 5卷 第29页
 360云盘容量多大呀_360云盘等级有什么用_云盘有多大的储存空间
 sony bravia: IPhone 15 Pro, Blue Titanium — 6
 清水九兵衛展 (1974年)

---

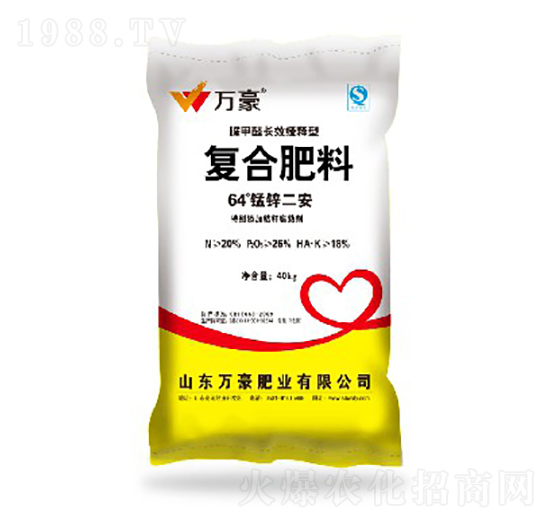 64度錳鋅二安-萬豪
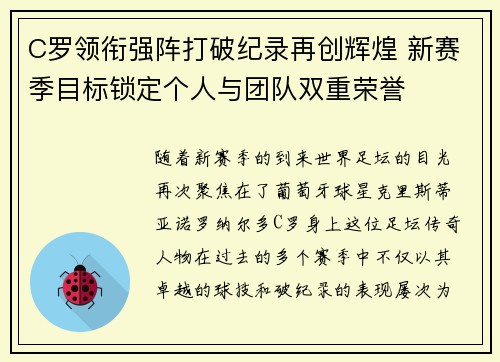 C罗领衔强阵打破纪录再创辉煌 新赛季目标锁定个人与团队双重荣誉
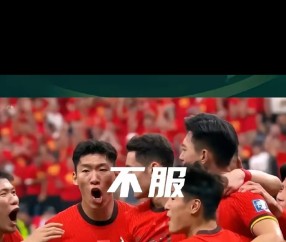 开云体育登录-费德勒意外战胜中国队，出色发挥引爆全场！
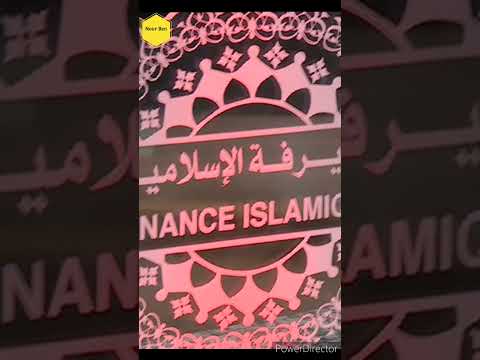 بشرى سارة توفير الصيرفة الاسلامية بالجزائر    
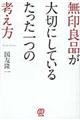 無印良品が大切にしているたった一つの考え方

GOAL OF THE EXERCISE: The lines to reproduce run from the one above containing "بشرى سارة توفير" through the one containing "無印良品が大切にしているたった一つの考え方". Copy them exactly and leave out all pictures.

WRITTEN REPLY:
 بشرى سارة توفير الصيرفة الاسلامية بالجزائر    
 無印良品が大切にしているたった一つの考え方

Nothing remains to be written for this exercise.